** Stored data follows **

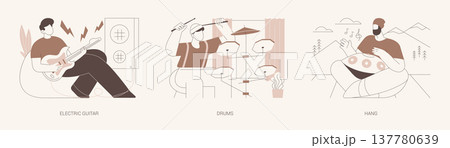 Playing musical instruments isolated cartoon vector illustrations se Playing musical instruments isolated cartoon vector illustrations se 137780639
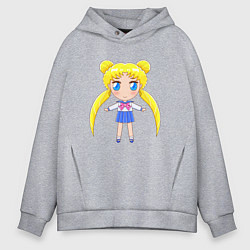 Толстовка оверсайз мужская Sailor moon chibi, цвет: меланж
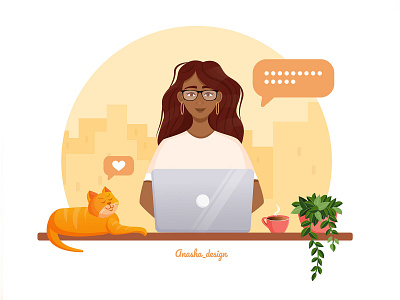 Vector illustration of character working at the computer 2d adobe illustrator branding business character computer design girl graphic design icons illustration job meeting office person remote ui vector work workplace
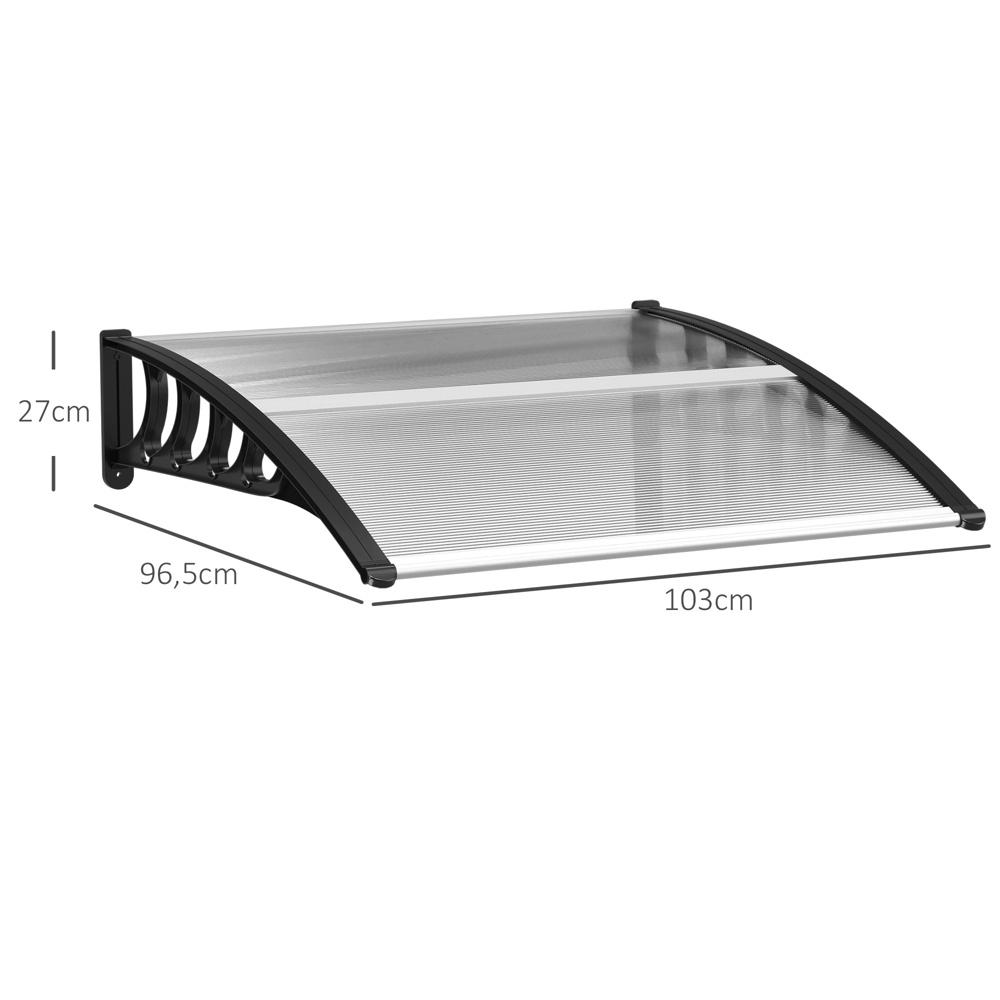 Svart Aluminium Dörrkapell UV Regn Solskydd 103×96,5cm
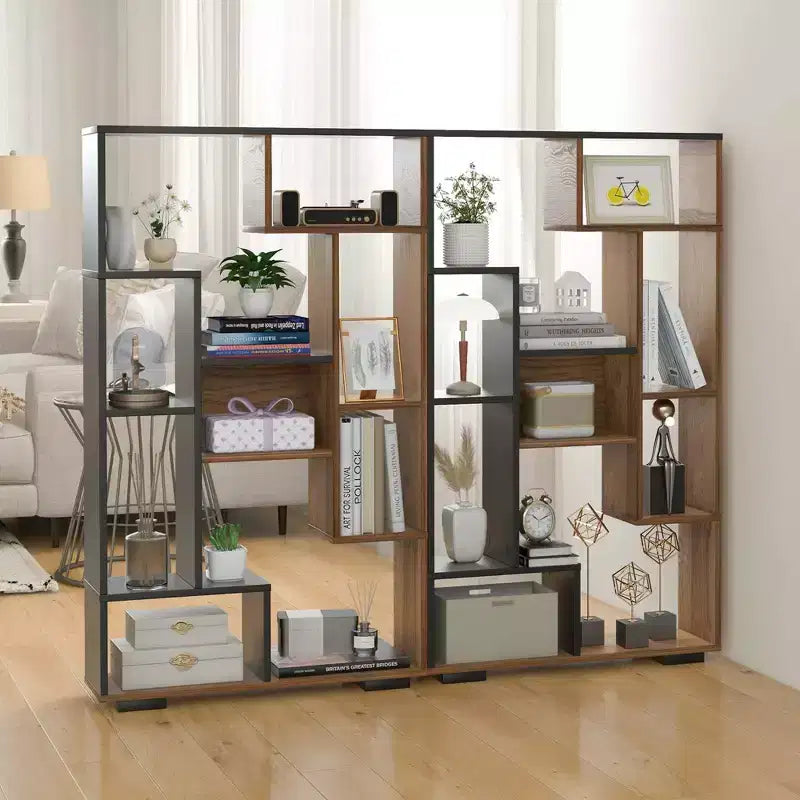 Costway 47 Tall Bookshelf Modern Geometric Bookcase with Open Shelves Anti-tipping Kits White/Black&Natural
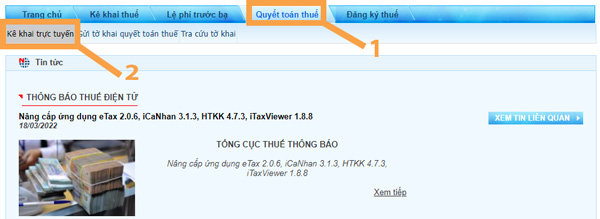Chọn kê khai trực tuyến để bắt đầu Chọn kê khai trực tuyến để bắt đầu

** End of Stored data **

> What you are asked to do:
Print each entry exactly, leaving pictures out.

> Your solution:
 Playing musical instruments isolated cartoon vector illustrations se Playing musical instruments isolated cartoon vector illustrations se 137780639
 Толстовка оверсайз мужская Sailor moon chibi, цвет: меланж
 Vector illustration of character working at the computer 2d adobe illustrator branding business character computer design girl graphic design icons illustration job meeting office person remote ui vector work workplace
 Svart Aluminium Dörrkapell UV Regn Solskydd 103×96,5cm
 Costway 47 Tall Bookshelf Modern Geometric Bookcase with Open Shelves Anti-tipping Kits White/Black&Natural
Chọn kê khai trực tuyến để bắt đầu Chọn kê khai trực tuyến để bắt đầu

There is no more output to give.